Con questa visone, nei primi anni Settanta, Moore lasciò l’azienda in cui lavorava e fu tra i fondatori dell’Intel, azienda che come sappiamo ha prosperato e prospera nel mercato dei circuiti integrati e dei microprocessori. In fondo Moore, da chimico, aveva capito che i transistor (mattoni base dell’informatica), sfruttando le proprietà del silicio, potevano essere prodotti sempre con dimensioni dimezzate rispetto alla generazione precedente. Questo permetteva di farne stare il doppio nella stessa dimensione, aumentando le performance dei vari circuiti proposti sul mercato ogni 18 mesi.
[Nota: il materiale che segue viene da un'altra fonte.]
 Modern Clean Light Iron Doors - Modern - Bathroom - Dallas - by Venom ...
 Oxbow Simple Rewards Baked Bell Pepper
La miniaturizzazione era il tema centrale della sua politica di sviluppo industriale. Ecco, siamo arrivati al punto e alla conclusione della fortuna di questa storica legge. Ogni generazione le dimensioni dei transistor, rimpicciolendosi, si avvicinano a un limite invalicabile. E così, di decennio in decennio, abbiamo raggiunto la meta oltre la quale nessun discorso lineare è più possibile: dieci alla meno tre (millimetri), dieci alla meno 6 (micrometri), dieci alla meno nove (nanometri). Oggi i singoli transistor dentro ai circuiti integrati in silicio hanno le dimensioni dei nanometri, dimensione sotto la quale i fenomeni che governano la fisica della materia passano da un comportamento classico e lineare ad uno quantistico e probabilistico. Fine dei giochi, fine della legge di Moore.
So what? Sicuramente l’informatica non potrà fermare la sua corsa, ma è certo che non potrà più basare il suo modello di business e di sostenibilità sulla linearità della legge di Moore. Le strade oggi sono due e a grandi linee possono essere riassunte così: dirigere lo sguardo verso il mondo cloud e il calcolo parallelo, delegando la potenza di calcolo a più microprocessori non presenti nel device che teniamo tra le mani, oppure, gettarsi nel mondo complesso ma affascinante della meccanica quantistica e iniziare a costruire i così detti computer quantistici. Scelte difficile per le quali servirebbe un nuovo Gordon Moore in grado di indicarci la strada.